On Wed, 11 Jul 2001, Aleksandr Koltsoff wrote:
> First of all, thanks for all the ppl who replied to my status inquiry about
> GGI.
NP
> But to the subject, as I understand (correct me if I'm wrong), DirectFB
> already contains some functionality which mirrors some of GGIs abilities?
Yes, but the API is weak, and contains no resource check/set routines, so
we cannot make a LibDirectFB target, instead we will be having LibGGI
pretend to be LibDirectFB and talk to their driver modules directly.
> So, if/when I'd write some application that needs direct and hw-accelerated
> access to the gfx-system (it will be the only application running on that
> card, however my application involves multiple cards in one system) which
> API should I use? I think that directfb also uses the fbdev-interface, so in
> connection to the previous question, would I be best off if I wrote a
> fbdev-driver for the SMI?
DirectFB + fbdev might be a good way to go, but binary-only drivers for
fbdev will not be accepted. KGI will accept binary-only drivers, I think,
ask Steffen. However KGI will require a patched kernel. I wouldn't tell
my worst enemy to write an X driver (ecch!).
Just if you do implement an fbdev driver, do it right -- after copying
the skeleton most fbdev driver authors leave some features in a state where they
say they exist, but are actually not implemented, e.g. ypan.

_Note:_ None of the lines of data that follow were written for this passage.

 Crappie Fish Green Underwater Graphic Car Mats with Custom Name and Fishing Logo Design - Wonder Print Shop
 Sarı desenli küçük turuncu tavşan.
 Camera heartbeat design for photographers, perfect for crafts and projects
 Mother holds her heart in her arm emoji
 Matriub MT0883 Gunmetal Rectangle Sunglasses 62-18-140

Mostly I would advise you to keep what code you can disentangled from any
individual project -- even if you have a DirectFB driver, when we start
doing high speed accel pushing, you will find that function call overhead
slows the DirectFB driver down, so if your chipset code is well separated,
implementing a fbdev direct accel target for LibGGI, or a KGI driver
will be much much easier.
> And what is KGI anyway?
It's explained pretty well on their SourceForge pages :-)
> years ago ;-) I did some work with GGI and then the KGI contained drivers
> for different hardware. Is it parallel to the current fbdev-drivers or
> something else completely?
Similar to in some ways, but more secure and hence theoretically more stable.